Helping Kids with Learning Problems: 11 steps to providing a supportive emotional environment

Eleven Steps to Providing a Supportive Emotional Environment

from Overcoming Underachieving (P.126-7) by Dr. Sam Goldstein and Dr. Nancy Mather published  1998 by John Wiley & Sons, Inc.

1. Try to see the world through the eyes of your child. All is not always as it appears to you. Make an effort to understand how your child thinks, feels, and then behaves. You must be able to see the world from your child’s perspectives — a task that will take time, patience, persistence and effort on your part.

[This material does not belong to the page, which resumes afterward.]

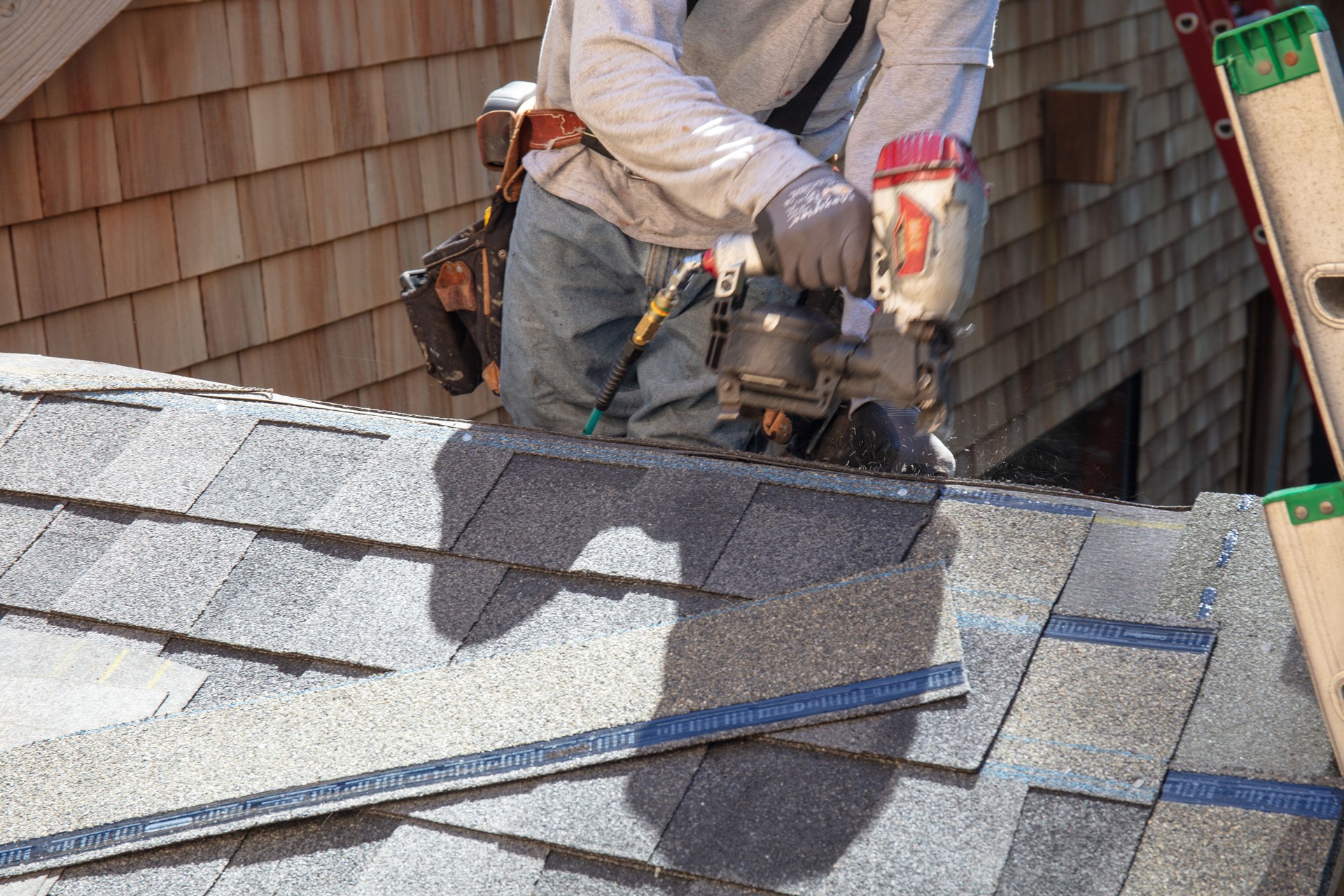 Man installing asphalt roof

2. Be reliable and available. When possible, schedule private time with your child each day.

3. Continue to offer love, safety and security, regardless of any problems. Make certain you express your care and concern even when your child disagrees with you.

4. Reinforce effort, even if he or she is not successful. Provide lots of love — hugs, kisses and pats on the back.

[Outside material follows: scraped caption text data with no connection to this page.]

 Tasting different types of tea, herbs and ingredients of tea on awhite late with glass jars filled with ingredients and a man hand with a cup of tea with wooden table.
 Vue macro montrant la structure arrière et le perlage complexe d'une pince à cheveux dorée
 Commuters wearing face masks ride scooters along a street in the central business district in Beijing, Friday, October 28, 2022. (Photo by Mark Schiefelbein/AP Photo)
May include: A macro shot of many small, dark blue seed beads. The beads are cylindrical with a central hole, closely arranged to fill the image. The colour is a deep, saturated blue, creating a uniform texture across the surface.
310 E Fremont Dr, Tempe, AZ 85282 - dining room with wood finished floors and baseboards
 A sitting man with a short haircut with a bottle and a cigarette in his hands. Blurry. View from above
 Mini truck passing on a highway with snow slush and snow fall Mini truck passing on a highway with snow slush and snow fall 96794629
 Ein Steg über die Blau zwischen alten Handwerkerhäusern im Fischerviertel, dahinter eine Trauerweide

5. Consistently foster self-esteem. School success is not a matter of your child’s succeeding at all costs; instead, feeling good about successes is the goal. Do not spend so much time on academic performance that your neglect other strengths and talents; instead, help to find activities that promote those natural talents.

6. Build responsibility. Allow your child the opportunity to do things independently and to learn from experience, while keeping in mind that, for some children, responsible behavior develops in very small steps.

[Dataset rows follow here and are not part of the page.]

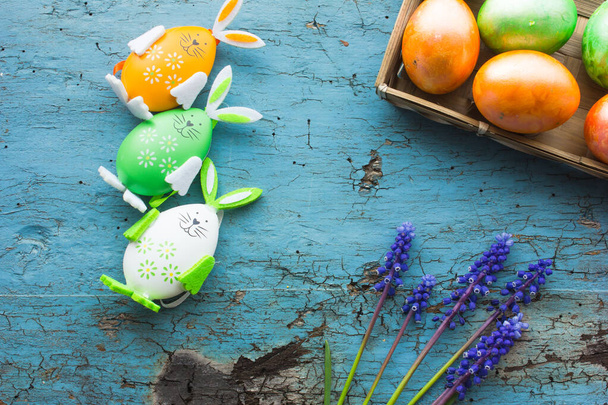 Colored Easter eggs on wooden table background - Foto, Imagem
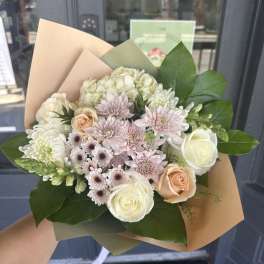 Hand-tied bouquet of white and blush flowers wrapped in tan paper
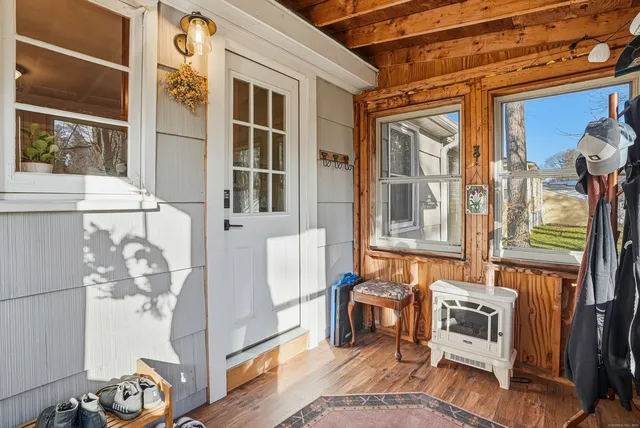 a kitchen with stainless steel appliances granite countertop a stove a sink dishwasher and cabinets with wooden floor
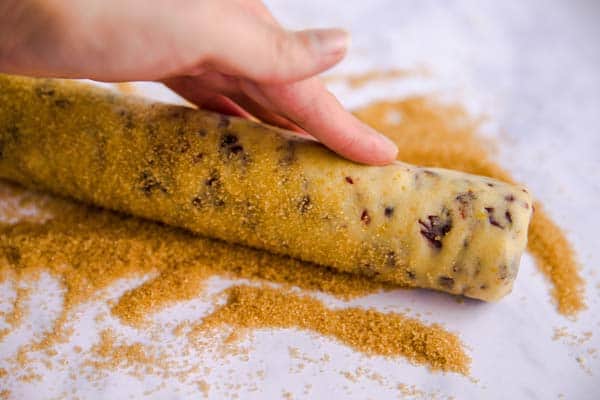 rolling a log of cookie dough in brown sugar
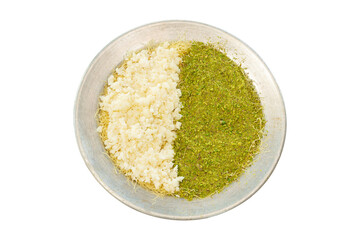 Raw katmer with clotted cream and pistachios served on a metal plate with lots of pistachios on...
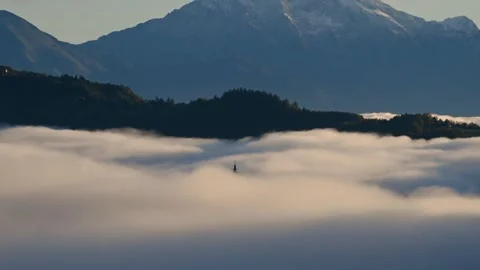 Amazing time lapse low inversion clouds moving in the valley, Slovenia Stock Footage 140802837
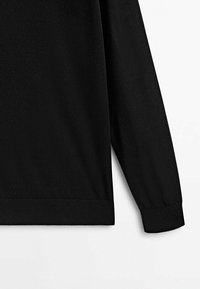 Vêtement noir à manches longues avec des poignets et un ourlet côtelés. Texture lisse, design minimaliste sans ornements ni motifs.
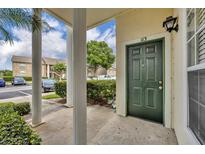 Inviting condo front door with classic design elements and number, framed by columns and lush landscaping at 141 Reserve Cir # 113, Oviedo, FL 32765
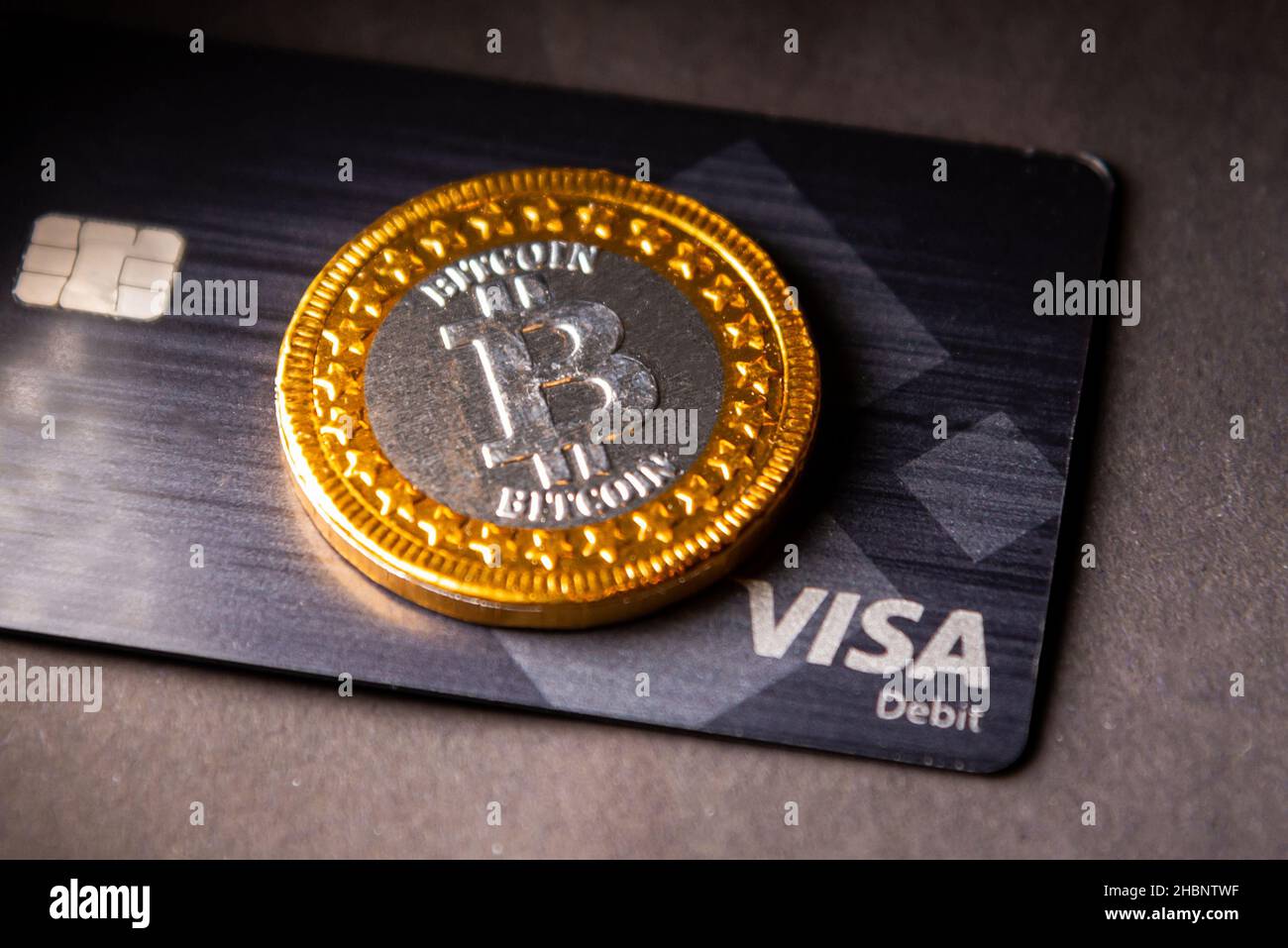 bitcoin cryptocurrency with Visa credit card. Visa - American multinational  company providing services of payment operations. Riga, Latvia - November  Stock Photo - Alamy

7. Start with the end in mind, and set goals that can be accomplished. Whether the goal is developing math, reading, or behavioral skills, know where you want to go and review this information with your child. Be specific about what “behaving better” entails, and set small, attainable objectives along the way.

8. Use a problem-solving model. It is critically important that you offer your child a good example of how to deal with life’s problems day in and day out. Demonstrate that you believe failure is something to learn from and that an understanding of today’s failure can lay the foundation for tomorrow’s successes.

9. Make certain that there is a balance in your child’s life. Children with school problems often spend an inordinate amount of time completing schoolwork, and they end up feeling that they do little beyond trying to deliver a satisfactory finished product in an area that doesn’t matter to them. They often don’t spend time in activities they enjoy. When after-school time is limited, make sure that your child spends some of it in activities that are enjoyable and reinforcing.

10. Take care of your relationship with your child. Among the best predictors of children’s success in adult life is the quality of the relationship they have with their parents — independent of school success or failure. Your relationship with your child may become strained becasue of repeated problems, so take extra time to keep the scales balanced and the overall relationship positive. No matter how things are going at school, find a way to spend enjoyable, nonstressful time with your child at least a number of times each week. It doesn’t matter whether you play cards, go out for pizza, or toss a ball back and forth — what’s important is having a regular activity that is enjoyable for both of you.

11. Remember that your goal is to be a safety net, not a savior. Not surprisingly, children with school difficulties often seek gratification in other areas. That’s why it’s so important for you to provide structure, support and successful experiences in the home, which your child can then transfer to mastery of the world outside. You must walk a fine line of encouraging your child, supporting his or her endeavors, and acting as a safety net rather than a keeper.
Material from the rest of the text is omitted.